ARTICLE II REPAYMENT

 

2.1 Optional Early Redemption in Cash. The Borrower will have the option but not the obligation of prepaying this Loan (“Optional Early Redemption”) by paying to the Lender the Prepayment Premium (as hereinafter defined) together with accrued but unpaid interest thereon to the Redemption Payment Date (as hereinafter defined) and any and all other unpaid amounts then due, accrued, payable or owing to the Lender under this Loan (the “Redemption Amount”). The “Prepayment Premium” for the period commencing on the date hereof up to and including the Maturity Date, shall be equal to one hundred and twenty percent (120%) of the Outstanding Principal Amount at the date of redemption. The Borrower shall deliver to the Lender a written notice of redemption (the “Notice of Redemption”) specifying the date for such Optional Redemption (the “Redemption Payment Date”), which date shall be ten (10) business days after the date of the Notice of Redemption (the “Redemption Period”). On the Redemption Payment Date, the Redemption Amount must be paid in good funds to the Lender. In the event the Borrower fails to pay the Redemption Amount on the Redemption Payment Date as set forth herein, then such Redemption Notice will be null and void.

 

2.2 Maturity; Surrender, Etc.
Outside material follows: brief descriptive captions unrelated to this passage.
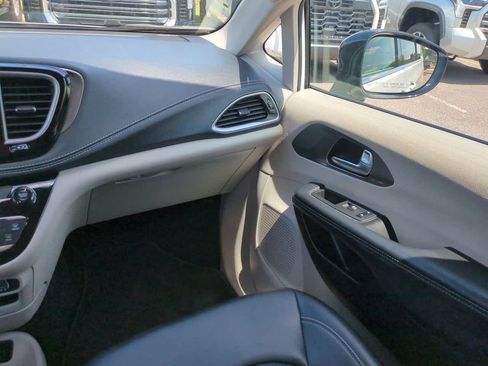 Used 2024 Chrysler Pacifica Limited FWD image 16
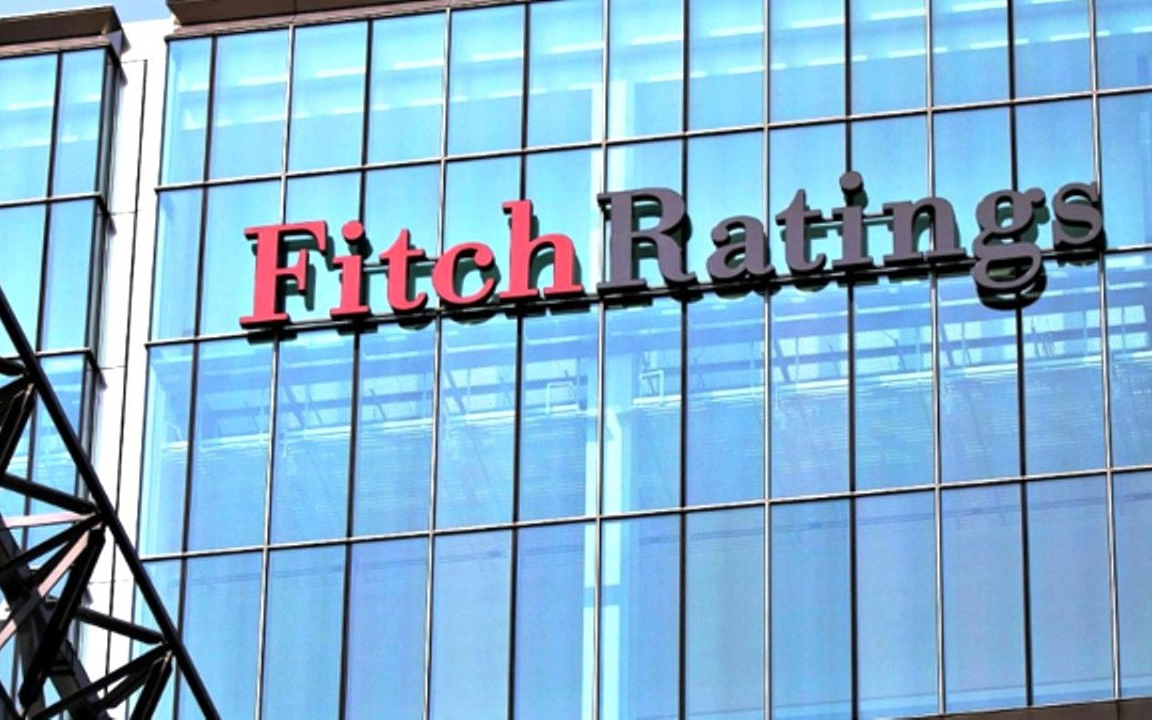 Fitch, küresel büyüme tahminini düşürdü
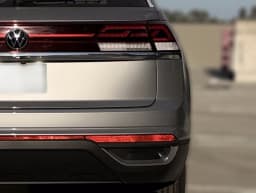Volkswagen Atlas Cross Sport 2.0T SE FWD 2026 — side view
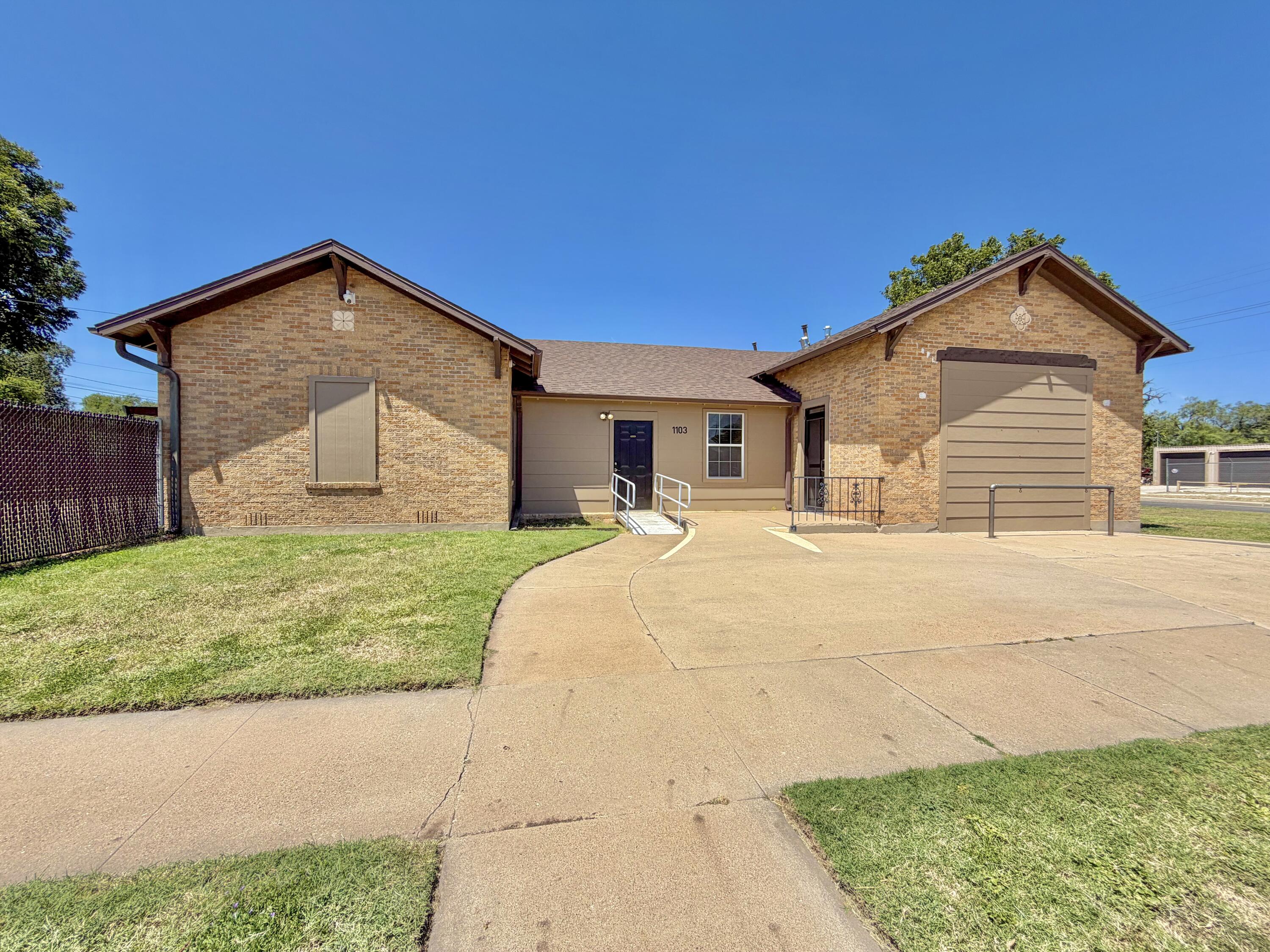 1103 S Oakes Street Property Photo 6
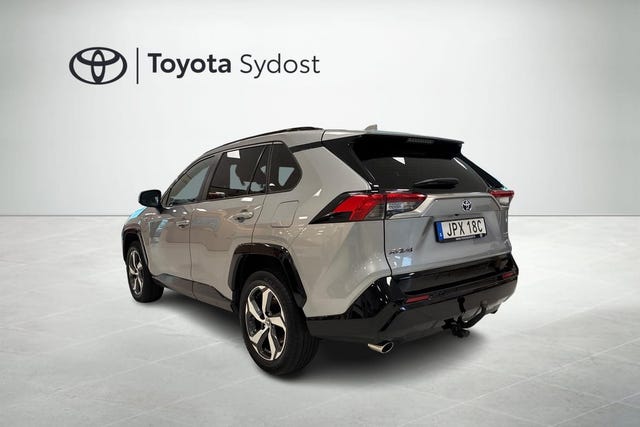 Toyota RAV4 Plug-in Hybrid 2021 – bild 2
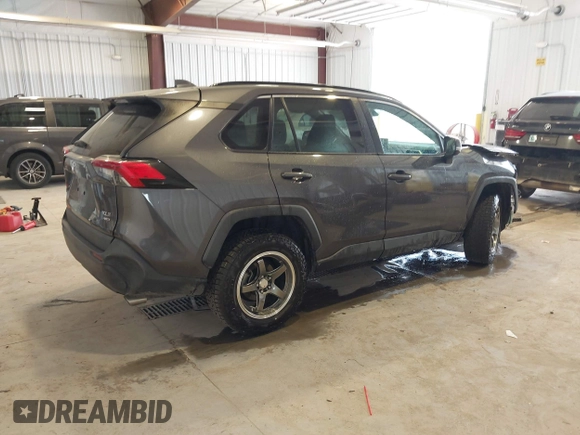 2019 Toyota RAV4 XLE with VIN 2T3P1RFV8KW057323, listed as a IAAI auction lot 42510231 with 59,003 mi miles and . Bid and sale history available at DreamBid. Image 4.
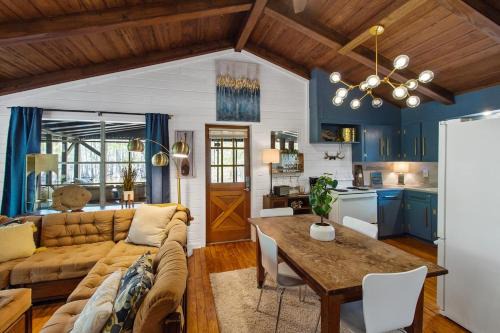Shreveport House | Emerald Cove Lakeside Cabin Paddle, Relax,Unwind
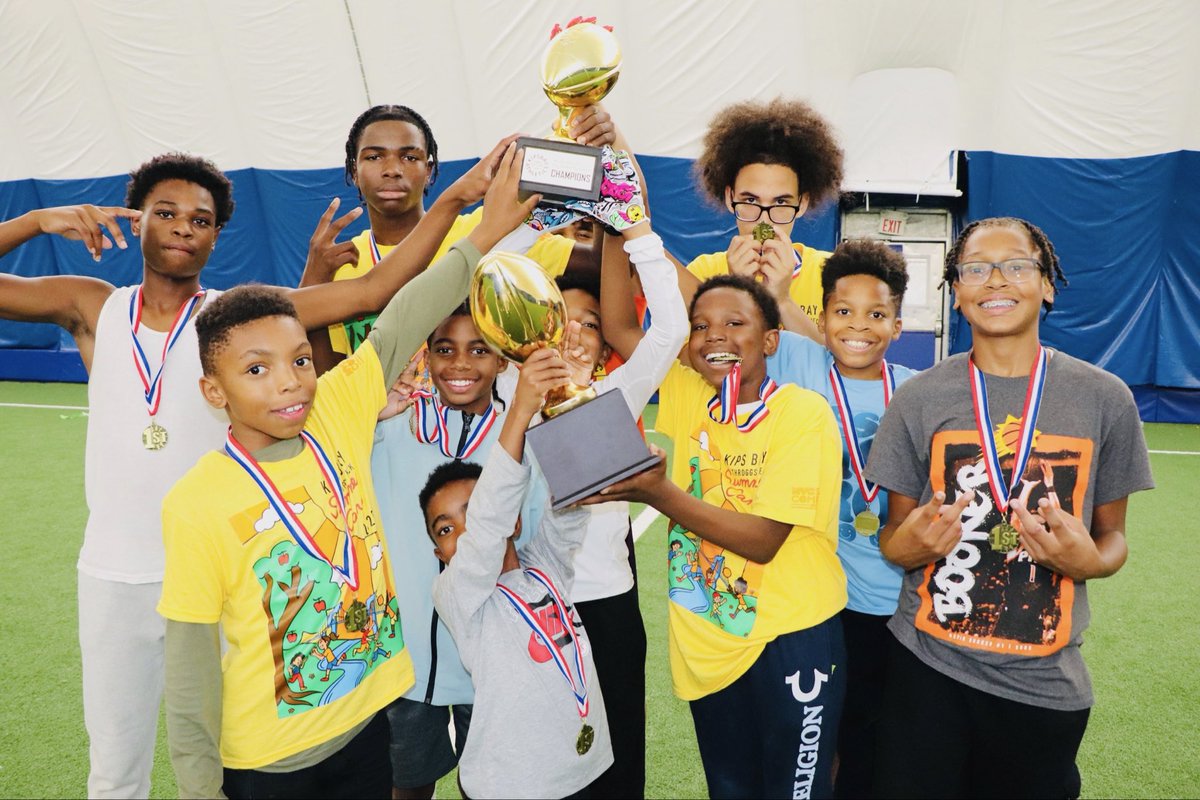 Kipsbayclub's tweet photo. 🍂🏈 From summer wins to fall action! 

Shoutout to Throggs Neck + Lucile Palmaro for big summer victories. 

Now we’re gearing up for the Kips Bay Winter Football League 🏆 Saturdays this season—stay tuned! 📣 #KipsBayStrong #YouthAthletics #GreatFuturesStartHere https://t.co/rq3dhLuqwz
In the case of a repayment of this Loan pursuant to this Article II 2.1, the Principal Amount of this Loan to be repaid shall mature and become due and payable on the Maturity Date together with interest on such Principal Amount accrued to such date and any other amount due and payable under this Loan to the extent that such amounts are outstanding as of the applicable Maturity Date. From and after such date, unless the Borrower shall fail to pay such Principal Amount when so due and payable together with the interest and other amounts as aforesaid, interest on such Principal Amount shall cease to accrue. The Lender shall make the appropriate reduction to the Principal Amount, accrued interest and other amounts due, accrued, payable or owing as entered in its records and shall provide written notice thereof to the Borrower within one (1) Business Day of the applicable Payment Date. If this Loan is paid in full, it shall be surrendered to the Borrower and cancelled and shall not be reissued and no Loan shall be issued in lieu of any paid Principal Amount of this Loan.

 

ARTICLE III CONDITIONS PRECEDENT

 

3.1 Conditions Precedent. The following conditions precedent shall be satisfied by the Borrower prior to the date upon which the Loan shall be advanced by the Lender to the Borrower (the “First Advance Date”):

 

(a) The Borrower shall obtain the Lender’s prior consent to the advance of the Loan;

 

(b) And upon delivery or confirmation thereof, as the case may be, the Lender shall make the Loan amount available to the Borrower and shall advance the amount of the Loan as requested to the Borrower.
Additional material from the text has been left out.